**Requirement**
Set down the data again exactly. Pictures are not part of the copy.

**Input data**
——

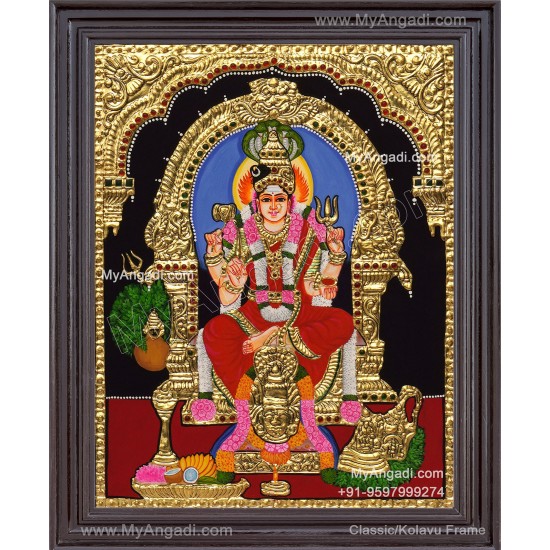 Karumaariamman Tanjore Painting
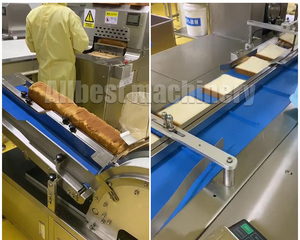 Ligne de production de machines à pain à faible coût pour la fabrication de pain en tranches, de pain injecté, de petits pains et de pain à sandwich, pour couper et remplir des mini-toasts - Product Image 3
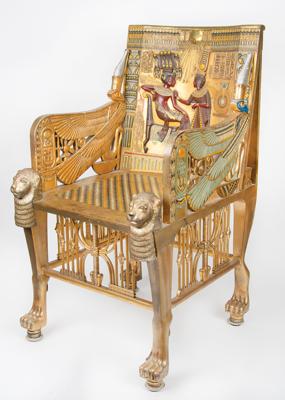 Lot #525 Paramount Pictures 'King Tutankhamun' Egyptian Revival Prop Chair - Image 2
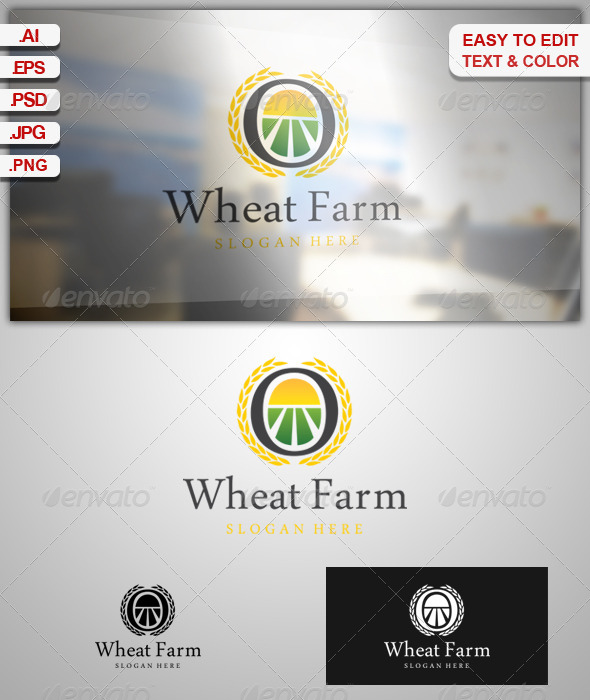 Wheat Farm - Nature Logo Templates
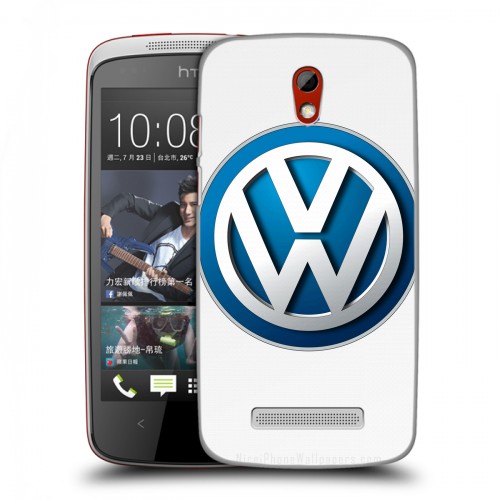 Дизайнерский пластиковый чехол для HTC Desire 500 Volkswagen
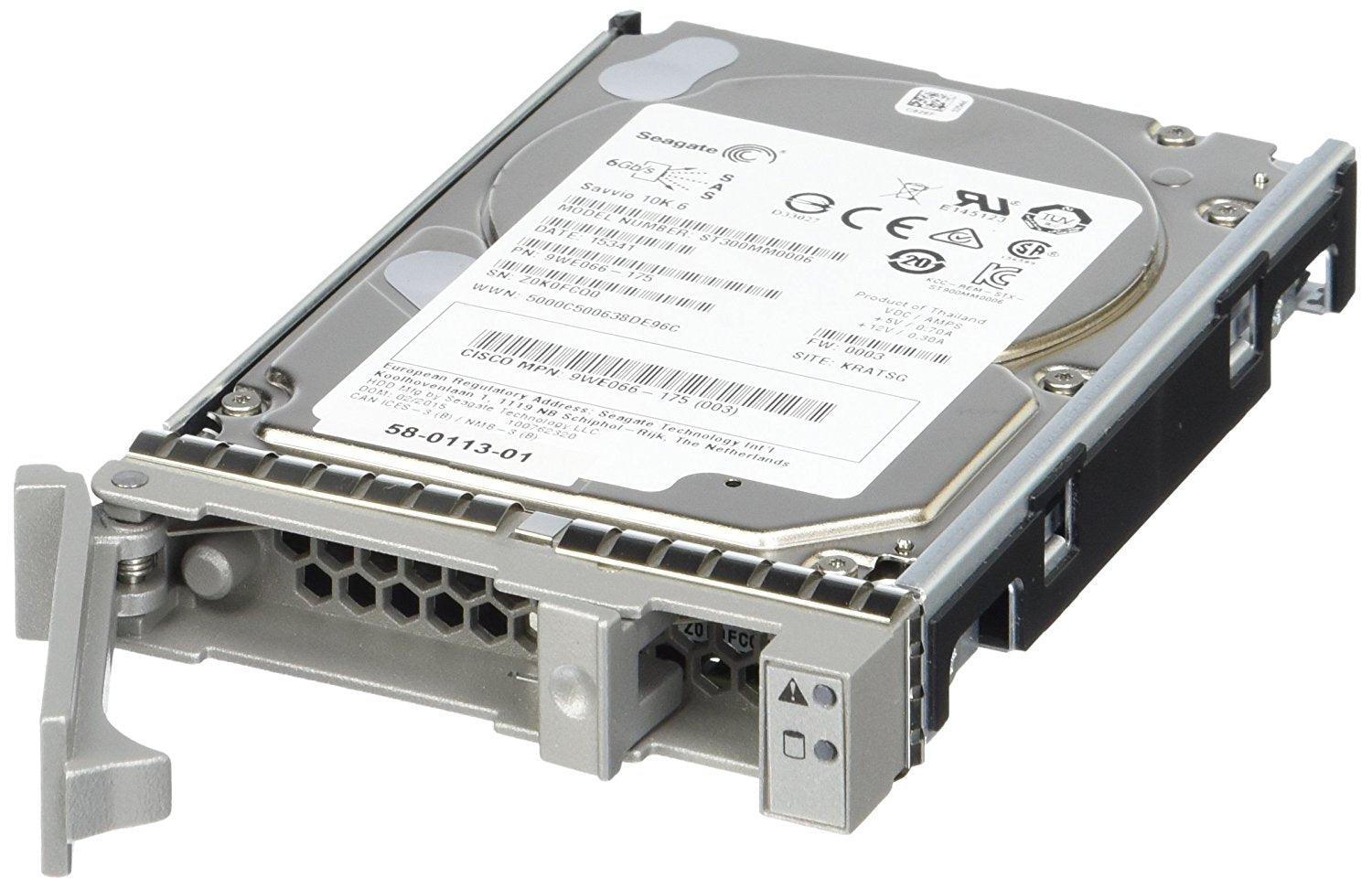 (USED) CISCO UCS-HD900G10K12G 900GB 10000RPM SAS 12GBPS SFF(2.5INCH) HOT SWAP HARD DRIVE WITH TRAY - C2 Computer 메인 이미지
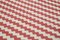 Alfombra Dhurrie de rayas rojas, década de 2000, Imagen 5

——

**Solution**
 Karumaariamman Tanjore Painting
 Ligne de production de machines à pain à faible coût pour la fabrication de pain en tranches, de pain injecté, de petits pains et de pain à sandwich, pour couper et remplir des mini-toasts - Product Image 3
 Lot #525 Paramount Pictures 'King Tutankhamun' Egyptian Revival Prop Chair - Image 2
 Wheat Farm - Nature Logo Templates
 Дизайнерский пластиковый чехол для HTC Desire 500 Volkswagen
 (USED) CISCO UCS-HD900G10K12G 900GB 10000RPM SAS 12GBPS SFF(2.5INCH) HOT SWAP HARD DRIVE WITH TRAY - C2 Computer 메인 이미지
 Alfombra Dhurrie de rayas rojas, década de 2000, Imagen 5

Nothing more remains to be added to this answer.